## Exercise directions
Copy out each line below verbatim, skipping any picture.

Information provided START

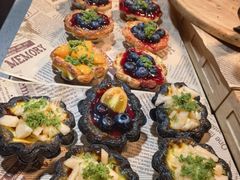 -四囍码头海鲜烧烤自助火锅(外滩南京东路悦荟广场店)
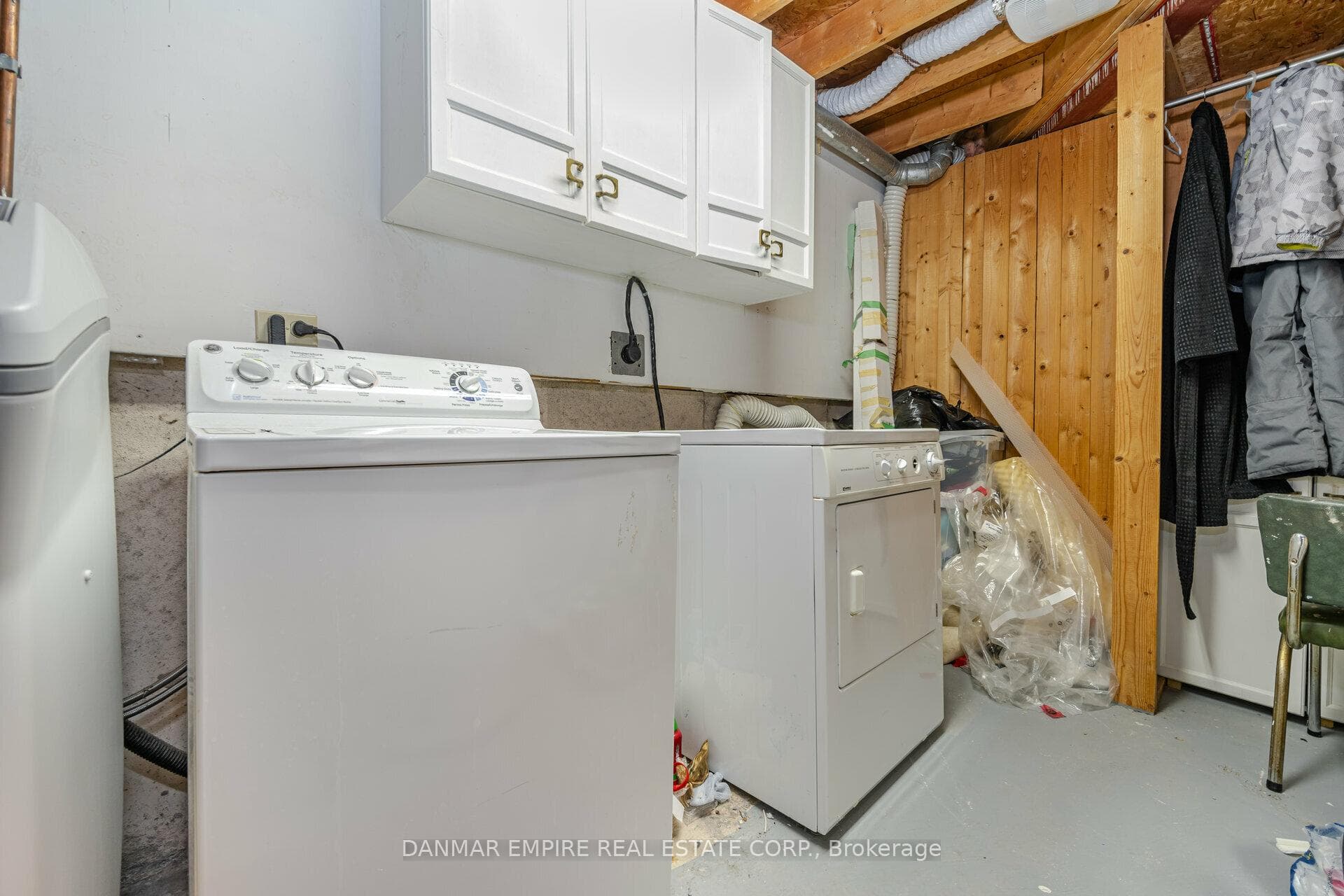 35 Calvert Drive photo 35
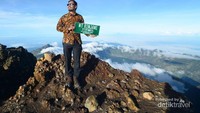 Bangga sekali bisa mengenakan batik di puncak Rinjani.
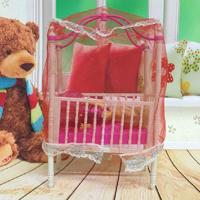 5 PC'S Doll House kunststof baby cot miniatuur meubilair slaapkamer decoratie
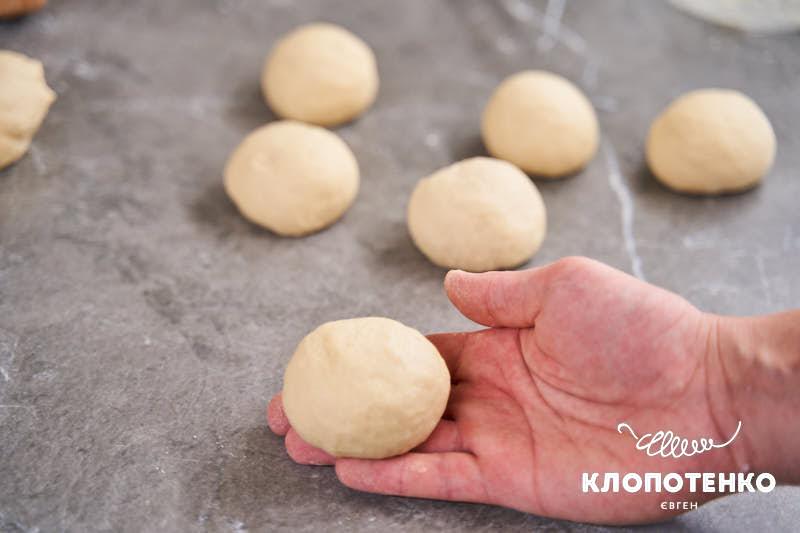 Сформуйте кульки з тіста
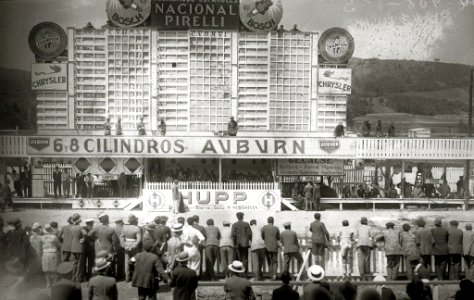 Carrera automóvilistica en el circuito de Lasarte (222 de 493) - Fondo Car-Kutxa Fototeka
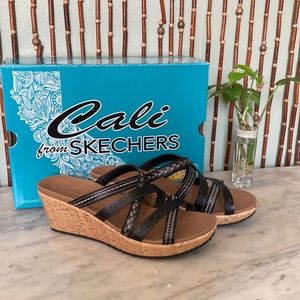 Cali Luxe Foam Sketchers Wedge Sandals Black Cork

Information provided END

## Exercise answer
 -四囍码头海鲜烧烤自助火锅(外滩南京东路悦荟广场店)
 35 Calvert Drive photo 35
 Bangga sekali bisa mengenakan batik di puncak Rinjani.
 5 PC'S Doll House kunststof baby cot miniatuur meubilair slaapkamer decoratie
 Сформуйте кульки з тіста
 Carrera automóvilistica en el circuito de Lasarte (222 de 493) - Fondo Car-Kutxa Fototeka
 Cali Luxe Foam Sketchers Wedge Sandals Black Cork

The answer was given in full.